Midwest Today, January 1997
C O U N T R Y
C H R O N I C L E
By OLGA JORDAN
During the Depression years, many families didn't exchange gifts
at Christmas, because times were tough.
Still, my brothers, sisters and I looked forward to Christmas
as all children did then and now. Mother would be in the kitchen
baking dozens of cookies, decorating them with the likes of an
artist. She also baked various kinds of fruit breads. A special
treat was a steamed suet pudding, which was very rich and served
with a special sauce. How we looked forward to all the goodies!
She rarely needed to use a recipe, unless it was a new one she
wanted to try.
Along with all the baking, she made special efforts to make Christmas
the most enjoyable celebration of the year.

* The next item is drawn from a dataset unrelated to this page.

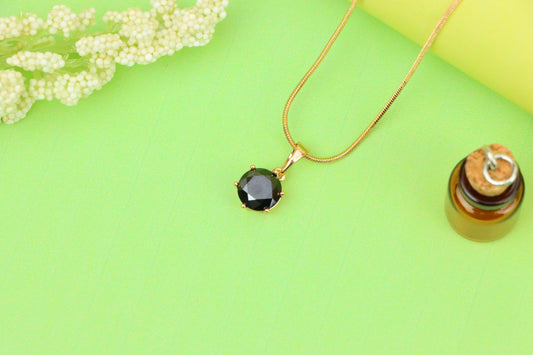 Elegant Black Round Pendant with Gold Plating for Timeless Style, XPPT1674 (2164-2)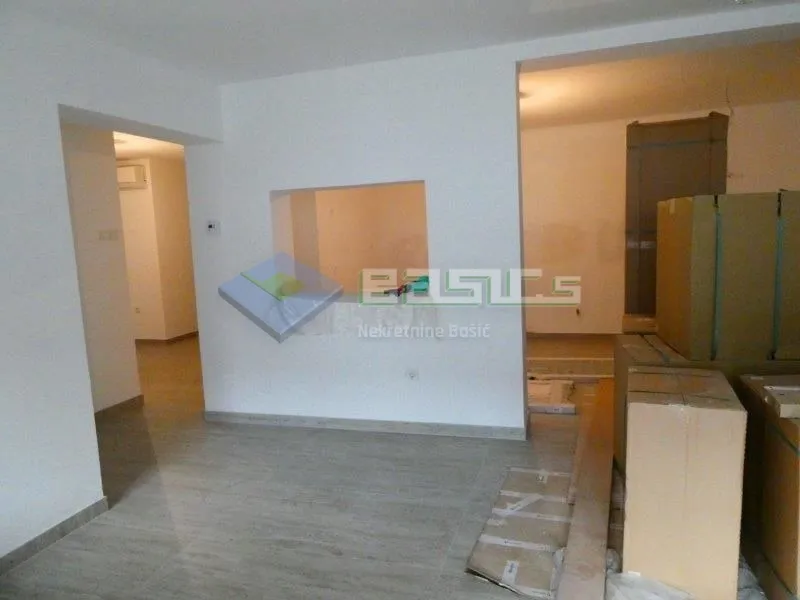 petrova -4soban, 130 m2, 1.kat, p.m. - slika 11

My parents had been living on a farm, and I was the fifth child
of six children. They worked hard all their lives, as did other
farm families. Modern conveniences didn't exist at the time. But
we were happy.
One thing we youngers enjoyed is when dad hitched up a team of
Percheons, Sly and Babe, to pull a sleigh in the Wintertime to
take us to church two miles away, or visit neighbors and friends
who lived nearby. Sometimes, we were taken to and from school
in one. Cars were difficult to start in cold weather, and roads
Dad had two robes -- a brown one and black one -- made from animal
hides, and they really kept us toasty warm in the sled.

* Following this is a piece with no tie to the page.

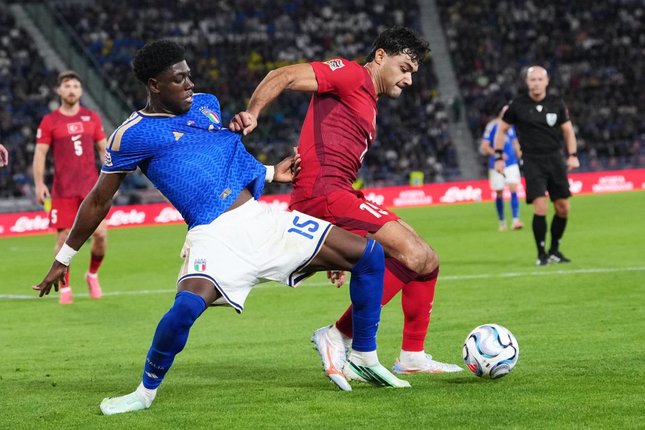 Babak Kedua Jadi Penentu Kemenangan Italia Pemain Italia Issa Doumbia (kiri) dan pemain Turki Ozan Kabak dalam pertandingan UEFA Nations League, Selasa (6/10/2026). (c) AP Photo/Antonio Calanni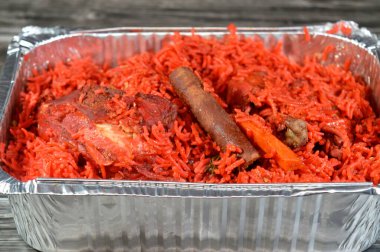 Tandoori sulu tavuk ve pilav özel baharatlı fırında, Red Basmati pilavı, Basmati uzun ve ince taneli aromatik pirinç karışımı Hindistan 'dan gelmektedir.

Christmas Eve was a special event at our church, which was always
packed. It was beautifully adorned with candles on the windowsills
and greenery here and there. A gold star hung from the ceiling
above the pulpit. A tall, live Christmas tree was set in front
of the church in one corner. It was decorated by the young men
and women of the congregation. There were no strings of electric
lights available in those years, so five to six-inch tall candles
were put into holders that were then clipped onto the tree branches,
The program began at 7 p.m. The congregation sang a Christian
hymn, our pastor read the Christmas story from Luke 2, and said
a prayer, followed with another Christmas song.

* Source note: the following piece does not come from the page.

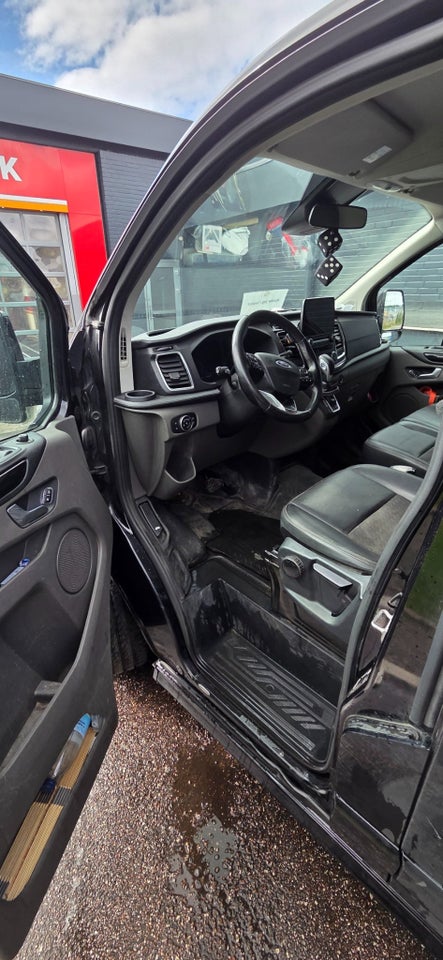 Ford Transit Custom 320 L2 2,0 TDCi 185 Sport aut.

After several weeks of rehearsals, the children were ready to
perform. The first group were the five to ten-year-olds. Little
girls would walk to the stage, dressed in pretty dresses their
mothers had probably made. Some wore big bows in their hair. The
boys wore knee pants, a white shirt and a bow tie, with their
hair neatly combed. They sang all the verses of "Away In
the Manger," and recited a Christmas poem in unison.
The boys and girls, ages 11 to 13, took part in the re-enactment
of a manger scene. They were dressed in clothing or wraps, according
to Biblical history. They needed no prompting.
As the props were removed, the 14 to 16-year-old boys and girls
sang in harmony several Christmas carols.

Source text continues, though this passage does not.